Collins v. State

710 So. 2d 55 | Fla. Dist. Ct. App. | 1998

SHAHOOD, Judge.

Appellant, Timothy Collins, appeals from an order and sentence revoking his community control. We affirm.

Appellant was placed on community control in 1996 after entering a plea of nolo contendere to the charges of possession of cocaine and possession of drug paraphernalia. On January 30, 1997, an affidavit of violation of community control was filed alleging that appellant changed his place of residence without consent, that he failed to report to his community control officer, and that he failed to maintain an accounting of his hours in a daily log. At the violation hearing, the trial court advised all alleged violators as follows:

THE COURT: For those of you that are here today for a first violation of probation or community control, by this time you should have had an opportunity to review your warrant. I’m going to ask whether you have or haven’t. I’m going to ask whether you wish to admit or deny the allegations contained within your warrant.
If you admit to the violations, we’ll proceed to sentencing. If you deny them, you’re entitled to a full evidentiary hearing at a later date, at which time the State of Florida will have to come forward and prove the allegations against you.
You have the right to be represented by counsel. If you can’t afford counsel or you don’t have private counsel, the Court is going to appoint the Public Defender’s Office, that is Ms. Strickland and Mr. Co-trone, who are here and able to assist you.

(Emphasis added).

After the appointment of the Public Defender’s Office to represent those charged with violations, the trial court inquired of the appellant individually as follows:

THE COURT: .... Timothy Collins.
THE [APPELLANT]: Yes, sir.
THE COURT: Have you had an opportunity to review your warrant?
THE [APPELLANT]: Yes, sir.
THE COURT: Do you wish to admit or deny the allegations contained within it?
THE [APPELLANT]: I would like to admit it but I would like to explain.
THE COURT: Do you understand that by admitting you’re giving up your opportunity to have an evidentiary hearing in this case?
Do you understand that by admitting the allegation you’re giving up your right to a hearing?
MR. WELLS: In other words, you could fight this and have a hearing on another day.
MS. STRICKLAND [Public Defender]: Judge, could you put Mr. Collins on recall for just a minute?

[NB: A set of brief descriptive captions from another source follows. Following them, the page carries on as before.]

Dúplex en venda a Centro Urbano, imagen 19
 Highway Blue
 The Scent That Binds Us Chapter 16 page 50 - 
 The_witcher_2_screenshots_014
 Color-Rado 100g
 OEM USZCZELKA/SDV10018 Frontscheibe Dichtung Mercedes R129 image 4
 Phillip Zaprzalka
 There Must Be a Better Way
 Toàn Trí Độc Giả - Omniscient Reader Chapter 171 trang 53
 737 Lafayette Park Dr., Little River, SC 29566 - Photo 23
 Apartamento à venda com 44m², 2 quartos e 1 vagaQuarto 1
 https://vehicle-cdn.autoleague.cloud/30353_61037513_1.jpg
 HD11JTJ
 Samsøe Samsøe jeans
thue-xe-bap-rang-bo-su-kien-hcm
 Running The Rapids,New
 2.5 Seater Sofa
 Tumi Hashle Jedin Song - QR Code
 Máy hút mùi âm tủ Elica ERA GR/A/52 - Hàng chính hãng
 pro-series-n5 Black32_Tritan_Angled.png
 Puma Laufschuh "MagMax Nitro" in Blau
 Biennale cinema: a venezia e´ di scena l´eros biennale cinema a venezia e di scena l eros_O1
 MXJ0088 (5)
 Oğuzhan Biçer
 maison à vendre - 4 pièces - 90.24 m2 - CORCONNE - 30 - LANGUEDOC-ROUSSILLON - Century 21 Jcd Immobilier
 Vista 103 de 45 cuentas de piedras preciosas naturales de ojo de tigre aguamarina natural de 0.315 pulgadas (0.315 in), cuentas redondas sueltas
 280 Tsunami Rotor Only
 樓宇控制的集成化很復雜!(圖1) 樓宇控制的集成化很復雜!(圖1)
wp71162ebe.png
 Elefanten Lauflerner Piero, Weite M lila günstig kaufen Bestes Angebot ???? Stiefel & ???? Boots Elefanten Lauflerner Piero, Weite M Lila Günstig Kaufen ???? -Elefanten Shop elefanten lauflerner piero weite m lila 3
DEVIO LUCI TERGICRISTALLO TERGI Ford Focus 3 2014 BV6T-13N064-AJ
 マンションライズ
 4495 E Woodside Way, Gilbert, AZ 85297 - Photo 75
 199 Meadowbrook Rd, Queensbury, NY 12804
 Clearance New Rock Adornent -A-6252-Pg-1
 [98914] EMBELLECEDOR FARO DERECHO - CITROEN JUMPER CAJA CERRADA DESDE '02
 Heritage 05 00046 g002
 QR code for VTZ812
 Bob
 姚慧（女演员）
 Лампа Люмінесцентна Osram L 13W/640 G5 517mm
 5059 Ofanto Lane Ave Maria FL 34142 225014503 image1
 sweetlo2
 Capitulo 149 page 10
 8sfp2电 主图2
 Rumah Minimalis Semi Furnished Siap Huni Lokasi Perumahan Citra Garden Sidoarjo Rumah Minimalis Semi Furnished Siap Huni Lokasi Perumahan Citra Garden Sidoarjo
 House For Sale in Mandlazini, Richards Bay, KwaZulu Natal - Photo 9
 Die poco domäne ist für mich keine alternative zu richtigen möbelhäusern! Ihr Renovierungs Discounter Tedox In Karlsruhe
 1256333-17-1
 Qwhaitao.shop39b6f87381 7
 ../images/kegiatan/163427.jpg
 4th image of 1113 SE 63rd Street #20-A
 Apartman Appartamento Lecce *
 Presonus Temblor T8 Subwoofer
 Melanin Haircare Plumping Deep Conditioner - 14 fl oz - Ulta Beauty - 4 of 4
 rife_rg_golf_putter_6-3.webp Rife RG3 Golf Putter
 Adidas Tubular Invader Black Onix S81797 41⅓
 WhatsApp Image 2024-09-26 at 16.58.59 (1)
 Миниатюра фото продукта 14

After a recess, the court then continued by inquiring of appellant as follows:

THE COURT: Timothy Collins.
THE [APPELLANT]: Yes, Your Honor.
THE COURT: So what does he want to do at this point?
MS. STRICKLAND [Public Defender]: Judge, Mr. Collins says he wishes to admit and ask if you would consider Faith Farm or some alternative drug program.

(Emphasis added).

After speaking with appellant as to his explanation for the violations, the trial court revoked appellant’s community control. The trial court then sentenced appellant to a period of imprisonment within the sentencing guidelines.

Appellant argues that State v. Hicks, 478 So.2d 22 (Fla.1985), is controlling and dispos-itive in this case. In Hicks the issue before the Florida Supreme Court was whether a person has an absolute right to counsel in a revocation hearing, and, if so, whether he must be afforded that right before he is required to admit or deny the revocation charges. The Florida Supreme Court stated the following:

*57We hold that unless there has been an informed waiver thereof such a person is entitled to counsel, and it must be afforded him before he is required to respond in any manner to the revocation charges.

478 So.2d at 23.

We agree that Hicks is dispositive and controlling in this case. However, our examination and analysis of the record of the revocation hearing leads us to conclude that the trial court had appointed the public defender’s office to represent appellant and all others similarly charged at the revocation hearing. Accordingly, the procedure used in this case was in conformity with the holding in Hicks.

Appellant also argues that he did not have representation at the sentencing portion of the hearing. We find that argument unpersuasive, as the record demonstrates otherwise. Further, appellant claims that an incorrect guidelines scoresheet was used in his sentencing. We hold that the issue was not preserved. See Callins v. State, 698 So.2d 883 (Fla. 4th DGA 1997). Further, appellant’s sentence was within the guidelines, and thus, not appealable. See § 924.06, Fla.Stat. (Supp.1996).

AFFIRMED.

STONE, C.J., and GUNTHER, J., concur.